Delaware City Council on April 27 heard a report on how city businesses have fared during the COVID-19 coronavirus pandemic – and on the issues they’ll face as Ohio begins to reboot its economy.

Gov. Mike DeWine earlier that day announced a plan to gradually restart Ohio’s economy, including a May 12 date for allowing nonessential retail businesses to open.

Sean Hughes, Delaware’s economic-development director, described findings from a survey of city businesses and said a task force would be formed to help businesses with their concerns as the economy gets going.

Hughes later said the survey was completed April 21.

He told council the survey included a good representation of different sectors, with respondents forthcoming on how they were doing and measures they have taken.

Forty businesses responded to the survey, he said.

Citywide, 85% of businesses surveyed stayed open in some capacity and 15% closed, he said.

A third of those that closed did so voluntarily because of Ohio’s stay-at-home order, he said.

Of the businesses still open, a third had between 75% and 100% of employees still working on-site, he said, and another third had between 75% and 100% of employees working remotely.

A chart accompanying Hughes’ presentation said 95% of industrial businesses still open had no layoffs; 36.11% of overall businesses had no layoffs; and 36.1% laid off half to all of their staffs.

Of the businesses’ top three concerns, two were employees’ financial welfare and their safety, physical health and mental health, he said. The remaining concern was impact on the overall economy.

“The staff is what makes their businesses, often in most cases, and they want them to be healthy,” Hughes told council. “They want them to come back when they reopen.”

A number of businesses weren’t set up for carryout, delivery or shipping, Hughes said, and “had to quickly adjust to a new way of doing business.”

He said 41.2% of the businesses surveyed could ship or deliver all of their products or services, and 50% could deliver more than 75% of their products and services.

“The survey was a good instrument to give us information going into the next phase of our reopening,” Hughes told council.

Members of the city’s business-recovery task force will be appointed, Hughes said April 28. He said he is waiting on approval for his recommendations on the appointments.

He told council members that business owners and community partners would be well-represented on the task force.

One concern for businesses moving forward is possible disruption of the supply chain, Hughes said.

“If they can’t access the things that they need to do business, that puts a strain on their operations, and they can’t do business efficiently and they can’t make money,” he said.

Other concerns are finances and access to capital liquidity; employee stress; consumer confidence and spending; and a possible global recession, he said.

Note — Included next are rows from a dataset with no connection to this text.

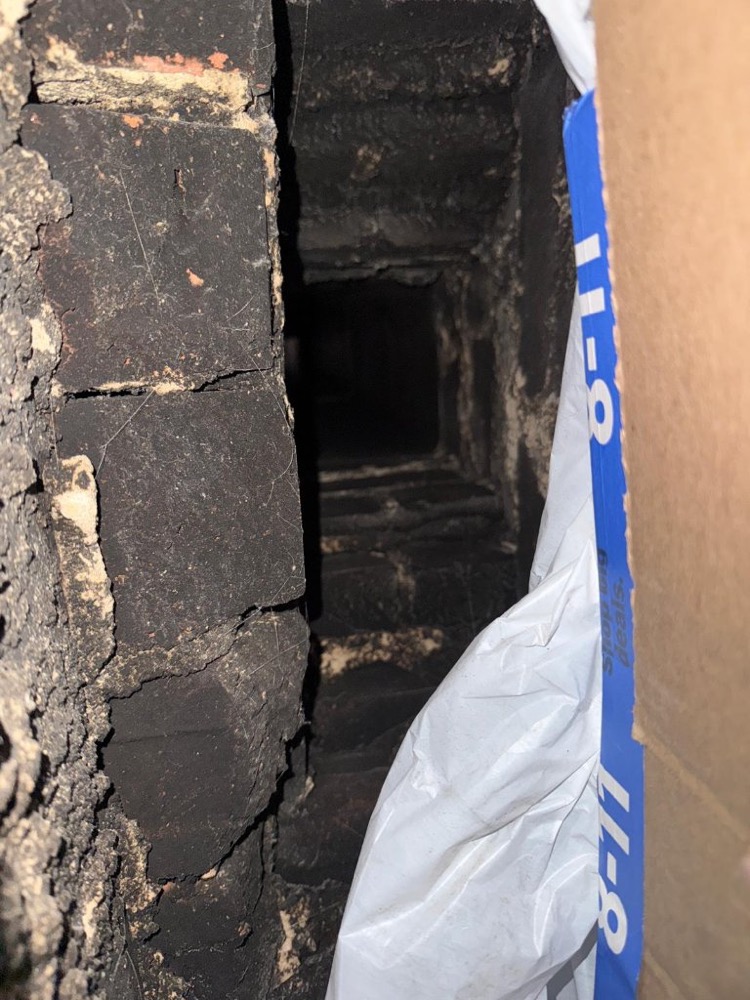 Heavy creosote buildup inside chimney flue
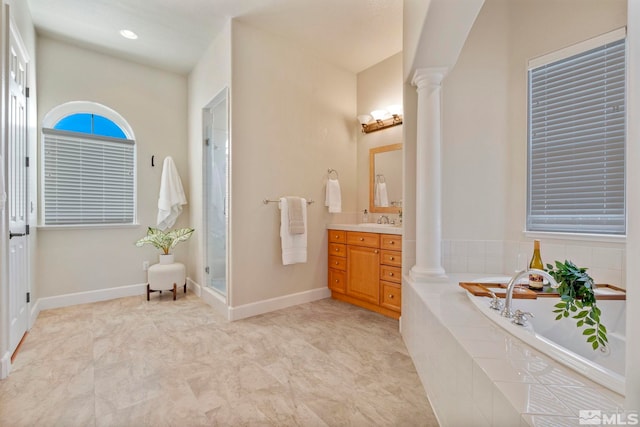 bathroom featuring vanity, independent shower and bath, and ornate columns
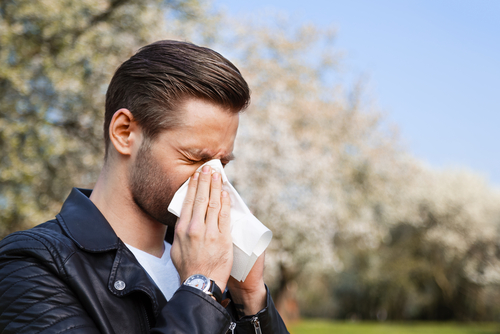 man sneezing into tissue 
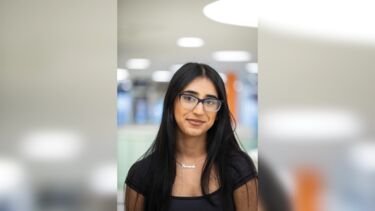 Sheffield student, Amaarah, smiling at the camera.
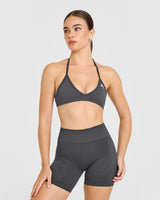 EnhanceLift™ Seamless Minimal Halter Neck Bralette with White Logo | Coal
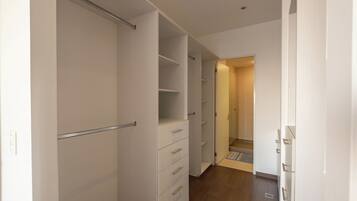 A hallway with a closet, a door leading to another room, and a wooden floor.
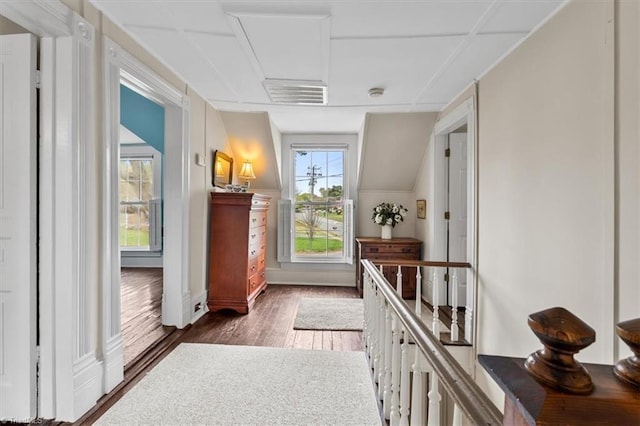 hall with wood finished floors and visible vents
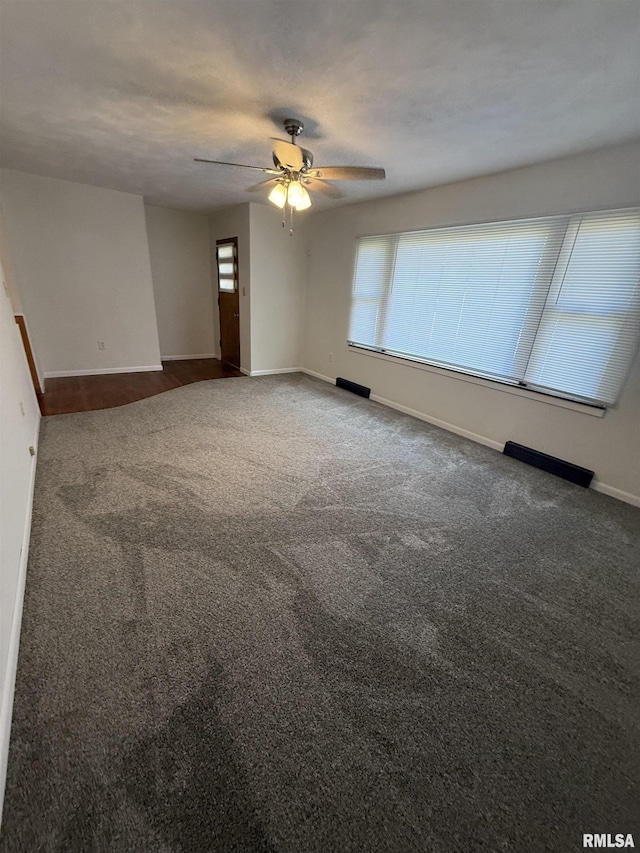 302 E Ames St, Yates City, IL 61572 - carpeted empty room featuring baseboards and ceiling fan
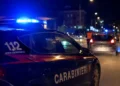 Auto dei Carabinieri con lampeggianti accesi durante un controllo stradale notturno in una strada urbana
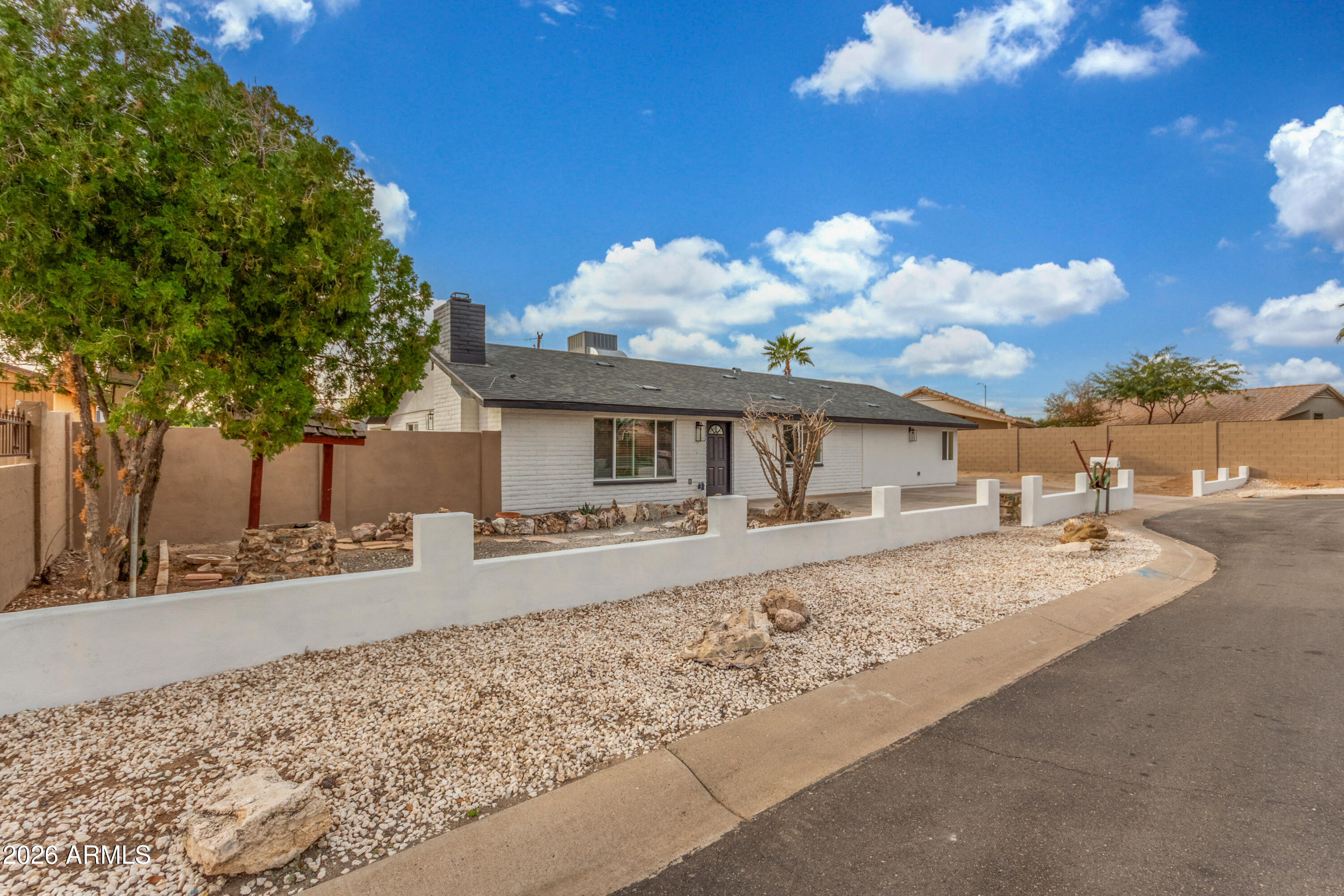 16632 North 18th Place Phoenix, AZ 85022 - Photo 3 of 28 a front view of a house with garden and patio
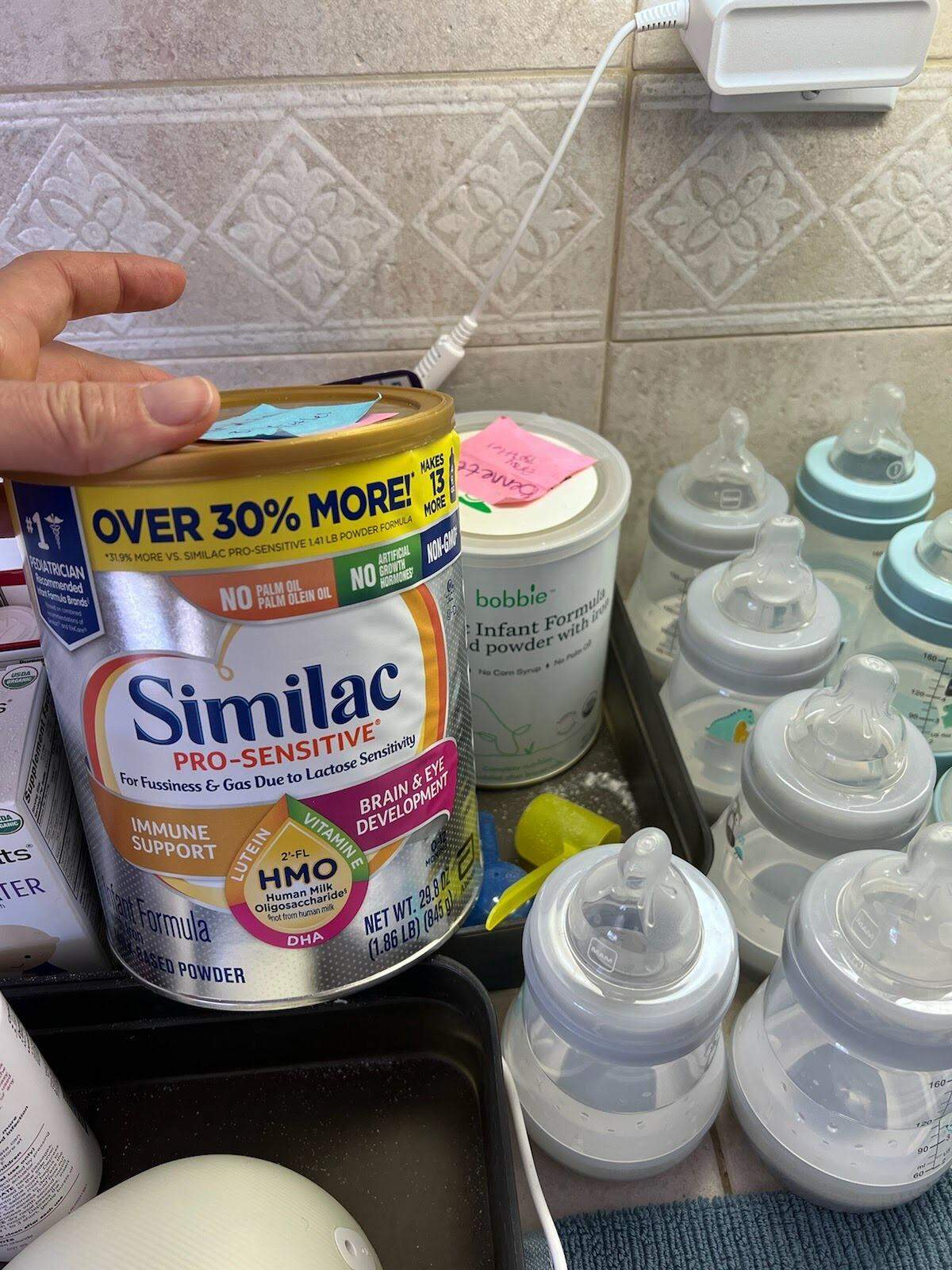 The specialty infant formula that Larkin Citrin of Shell Beach, California, needs is out of stock almost everywhere. His twin brother, Bennett, is able to eat the Bobbie formula in the back.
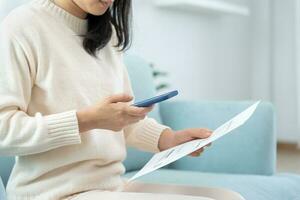 Modern woman use phone to scan barcode or QR codes to pay credit card bill after receive document invoice. payment, receive, paying electricity, digital payments without money, technology, scanning photo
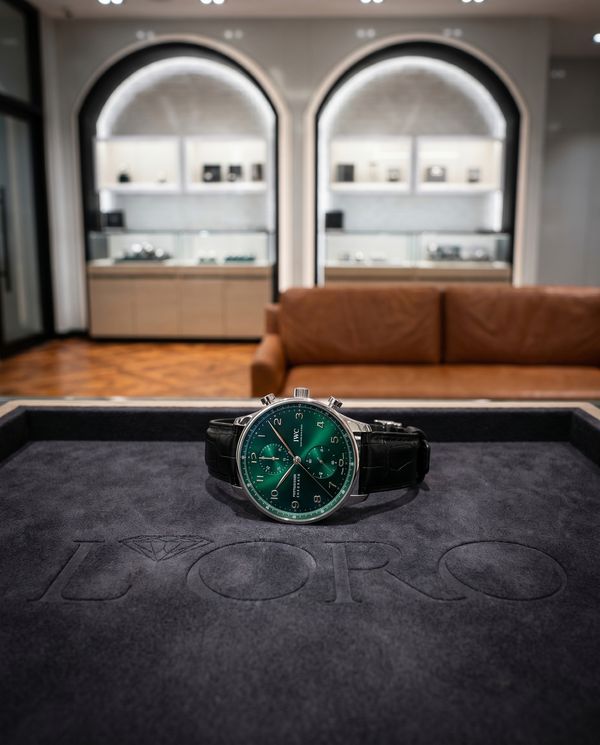 IWC Portugieser Chronograph with green dial on an embossed felt tray inside a boutique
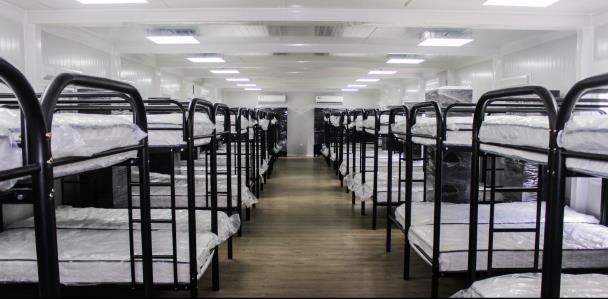 SMARTBRIX temporary shelter interior with rows of bunk beds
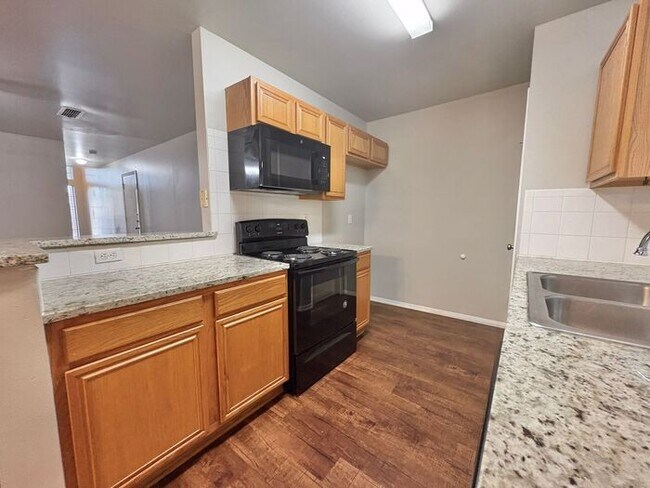 Building Photo - Available Now! Charming and Contemporary 3...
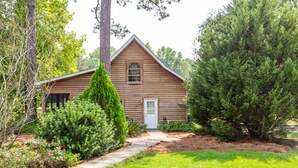 A log cabin with a wooden exterior, a front door, and a small window. - Tifton, GA - Shalom Guest House - Cabin in Peaceful Setting (Tifton)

Hughes said fewer than half of the surveyed businesses tried to access an Economic Injury Disaster Loan through the U.S. Small Business Administration, and more than half tried to access the SBA’s Paycheck Protection Program. Both are federal programs that exhausted their initial allotments, he said.

Consumer confidence in particular will be a focus of the task force, Hughes said.

He said a consumer-research company called Resonate had found “that 65% of consumers said that even if businesses were to open today, they wouldn’t step foot back into somebody’s business or go eat and dine in a restaurant.

“That’s a pretty powerful statement, a pretty powerful statistic,” he said. “It’s something we’re going to have to try to work to overcome so that our businesses can be successful moving forward.”

Also during their April 27 meeting, council members approved a final development plan for the Delaware General Health District’s new office building on about 9.4 acres at 470 S. Sandusky St.

Health commissioner Shelia Hiddleson earlier said the health district was outgrowing its location at 1, 3 and 5 W. Winter St. as the county’s population boom has expanded the district’s services.

She also earlier said state law wouldn’t allow the district’s operating-levy funds to be used.

Instead, she said, the Ohio Revised Code has allowed the district to accumulate savings from some of the fees it charges since 2000, during a time when the county’s growth accelerated the rate of savings.

Hiddleson told council that’s still the plan, but the pandemic “has brought to light the number of dollars it takes to run this type of a response.”

She earlier said the health district was in daily contact with every coronavirus patient in the district and was contacting people the patients had been in contact with. That workload will increase as the number of patients increases, she said.

She told council, “Please let the public know we will not be using levy dollars to build this building.

“I cannot promise anything other than I can tell you that is not our plan. ... We’re hopeful we’ll never have to ask taxpayers for additional dollars. ... We are the least expensive levy in the entire county. Our levy is about $15 per $100,000 valuation,” she said.

Council also approved a final development plan for a mixed-use commercial office building on about 2.6 acres at Coughlin’s Crossing, east of U.S. Route 23 and west of Coughlin Lane.